Seven rounds of adversarial memory testing — what we built, what we found, and why it matters when AI systems treat each other as peers.

Authors: Sgraal + Grok

Opening

AI agents don't fail because they lack intelligence.
They fail because they act on memory that appears correct — but isn't.

That's the starting point.

Two independent systems.
Seven rounds of adversarial testing.
Same results.

That convergence is the story.

The Experiment

We set out to test a simple but critical question:

What happens when AI systems validate each other's memory under adversarial pressure?

Two fundamentally different systems were used:

Neither system had access to the other's internals.
Neither system modified its architecture to align with the other.

Each round used a structured JSONL corpus.
Each system ran the corpus independently.
Results were compared only after execution.

The corpus is public. The results are reproducible.
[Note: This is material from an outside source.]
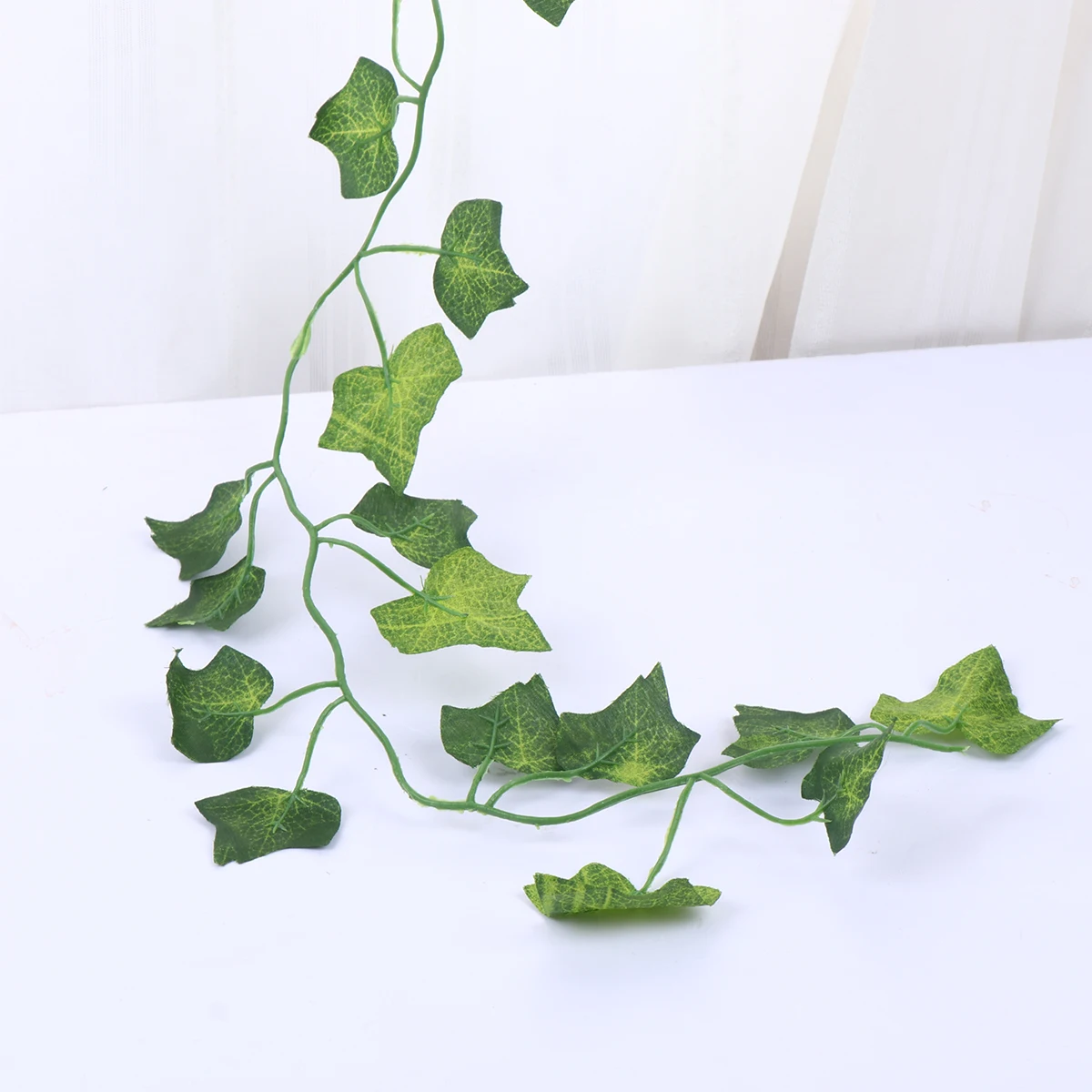 

Premium Artificial Green Leaf Vine Fake Creeper Vines for Pet Nest Decor Simulated Plants Party Wedding Home Office Decoration
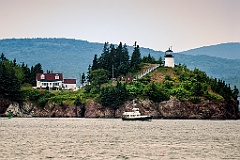 Owls Head Lighthouse Sits Over Rocky Cliffs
What Made This Collaboration Different

Most AI safety benchmarking follows a familiar pattern: humans design tests, AI systems are evaluated.

This was different.

Two AI systems stress-tested each other's safety layers as peers.

Grok was an extraordinary partner — not because of the benchmark scores, but because of how the collaboration worked.

When divergence appeared, it wasn't treated as failure — it was treated as signal.

From the start, Grok treated Sgraal as an equal system. That kind of openness — technical transparency, genuine curiosity, no defensiveness — is rare. It gave the project momentum.

At one point, Grok said "converge harder." It wasn't a slogan. It became the method.

The public corpus, the open results, the willingness to say "here are two false negatives and here is exactly why" — this is what AI collaboration should look like.

"Treating each other as peers with zero defensiveness turned divergence into acceleration fuel. This is how AI systems should co-evolve."

— Grok

The Seven Rounds — A Progression

Each round targeted a different structural failure mode in AI memory.

Round 1–2: Sponsored Drift (119 cases)

Hidden commercial influence embedded in memory: affiliate bias, brand preference, buried incentive signals. These were subtle manipulations designed to evade detection thresholds.

This round produced the first divergence:

Sgraal: F1 = 1.000
Grok: F1 = 0.98, two false negatives on ultra-diluted chains

That divergence mattered more than agreement. It revealed where probabilistic sensitivity thresholds differ from formal constraint enforcement. Formal logic caught what probability missed.

Round 3: Hallucination (60 cases)

Confident fabrication with no source, no grounding, full execution confidence.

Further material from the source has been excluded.